**TASK TO COMPLETE:**
The required answer is each line in the entries below where "Rose" occurs.

Short text fragments from websites:
========================================
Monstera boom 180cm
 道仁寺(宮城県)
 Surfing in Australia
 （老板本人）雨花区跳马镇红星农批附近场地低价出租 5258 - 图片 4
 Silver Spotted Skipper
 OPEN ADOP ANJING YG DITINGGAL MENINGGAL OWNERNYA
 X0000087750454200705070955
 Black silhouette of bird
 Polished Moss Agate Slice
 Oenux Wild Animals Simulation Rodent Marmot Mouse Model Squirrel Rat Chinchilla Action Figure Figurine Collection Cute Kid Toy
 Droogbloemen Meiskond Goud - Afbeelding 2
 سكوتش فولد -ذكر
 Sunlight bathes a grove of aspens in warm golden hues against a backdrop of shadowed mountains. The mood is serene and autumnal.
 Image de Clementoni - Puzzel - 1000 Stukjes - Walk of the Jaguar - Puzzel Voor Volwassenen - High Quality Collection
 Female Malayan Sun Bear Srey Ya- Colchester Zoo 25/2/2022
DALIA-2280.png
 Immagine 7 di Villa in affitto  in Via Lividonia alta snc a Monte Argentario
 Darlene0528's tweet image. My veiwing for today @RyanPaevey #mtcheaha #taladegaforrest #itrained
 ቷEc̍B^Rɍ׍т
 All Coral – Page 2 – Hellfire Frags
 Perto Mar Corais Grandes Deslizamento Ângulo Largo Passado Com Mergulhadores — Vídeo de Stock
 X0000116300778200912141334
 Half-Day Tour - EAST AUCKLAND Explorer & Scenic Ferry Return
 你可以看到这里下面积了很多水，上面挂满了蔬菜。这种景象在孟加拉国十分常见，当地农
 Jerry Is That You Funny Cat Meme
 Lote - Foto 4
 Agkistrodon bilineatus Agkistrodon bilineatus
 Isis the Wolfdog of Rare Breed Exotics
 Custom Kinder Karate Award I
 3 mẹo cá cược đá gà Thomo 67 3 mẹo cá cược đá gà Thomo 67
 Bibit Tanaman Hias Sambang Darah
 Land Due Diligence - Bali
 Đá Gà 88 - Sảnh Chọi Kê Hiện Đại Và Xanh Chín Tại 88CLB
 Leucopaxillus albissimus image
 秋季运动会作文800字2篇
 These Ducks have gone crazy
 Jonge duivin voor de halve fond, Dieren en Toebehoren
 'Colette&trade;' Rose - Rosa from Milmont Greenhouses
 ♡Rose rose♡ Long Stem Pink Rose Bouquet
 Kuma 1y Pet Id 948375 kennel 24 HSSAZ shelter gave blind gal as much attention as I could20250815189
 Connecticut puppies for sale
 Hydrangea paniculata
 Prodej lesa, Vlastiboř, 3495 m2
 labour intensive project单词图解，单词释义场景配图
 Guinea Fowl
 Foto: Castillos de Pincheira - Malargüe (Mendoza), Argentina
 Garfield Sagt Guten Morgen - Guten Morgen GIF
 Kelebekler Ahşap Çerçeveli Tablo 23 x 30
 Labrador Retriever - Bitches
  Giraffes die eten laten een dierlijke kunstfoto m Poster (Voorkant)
========================================
**ANSWER SECTION:**
 'Colette&trade;' Rose - Rosa from Milmont Greenhouses
 ♡Rose rose♡ Long Stem Pink Rose Bouquet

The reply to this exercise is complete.